The race was won in a time of nine minutes and 5.9 seconds and by a distance of 25 lengths by New Zealand-bred Lord Gyllene at odds of 14/1. He was ridden by jockey Tony Dobbin, trained by Steve Brookshaw at his Preston Farm base in Uffington, Shropshire, and ran in the colours of Stanley Clarke. Brookshaw collected £178,146 of a total prize fund of £303,300 shared through the first six finishers. There were two equine fatalities during the race.
The race was originally scheduled to be run on Saturday 5 April at 3:45pm.
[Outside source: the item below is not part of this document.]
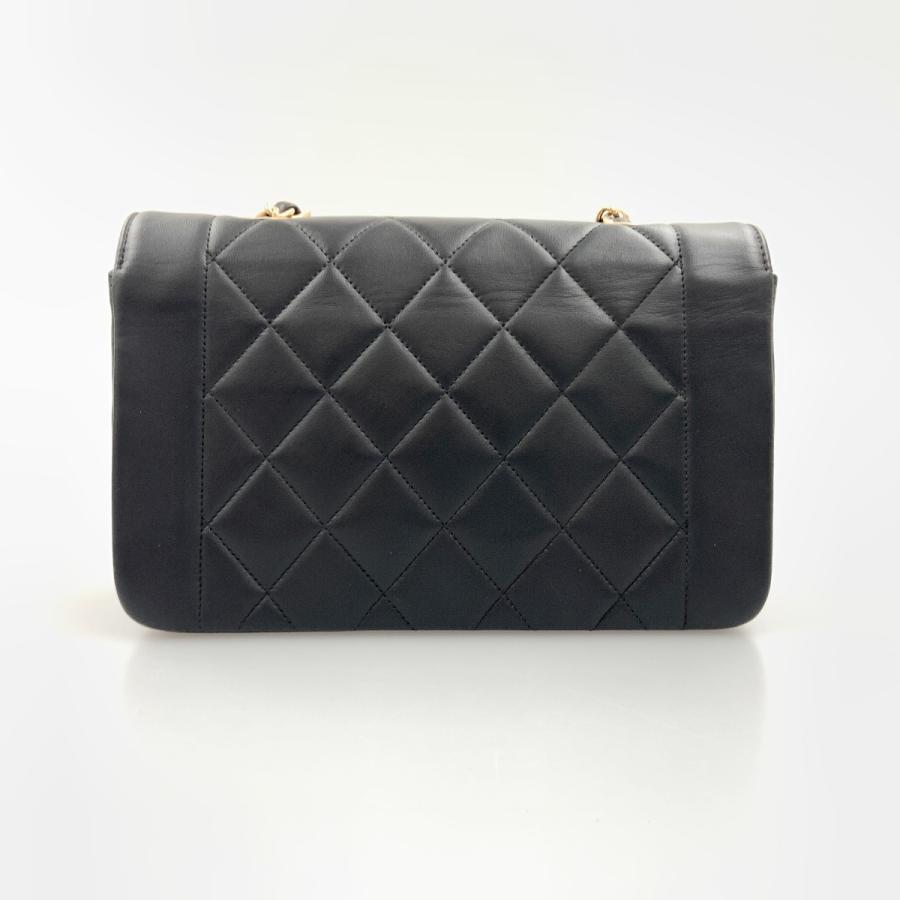 シャネル チェーンショルダーバッグ マトラッセ ココマーク ダイアナ ラムスキン A01164 CHANEL 黒 シャネル CHANEL ダイアナ 22 シングルフラップ チェーン ショルダー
However, at 2:49pm one bomb threat was made via telephone to Aintree University Hospital in Fazakerley, and three minutes later a second was made via telephone to the police's control room in Bootle, both using recognised codewords of the IRA. At least one device was warned to have been planted within Aintree Racecourse. This was one of several IRA threats in the lead up to the 1997 UK General Election.
The police evacuated 60,000 people from the course, stranding 20,000 racegoers, media personnel and those connected to the competing horses, as their vehicles remained locked inside the confines of the course. Initially, spectators were evacuated from the stands onto the course itself but after consultation with the police, course clerk Charles Barnett advised via the live broadcast that everyone would have to leave the course completely. The people of Liverpool responded by opening their homes to racegoers stranded overnight in the city, with tens of thousands of temporarily homeless people being offered a bed for the night in the homes around the course. This prompted tabloid headlines such as "We'll fight them on the Becher's", in reference to Winston Churchill's war-time speech We Shall Fight on the Beaches.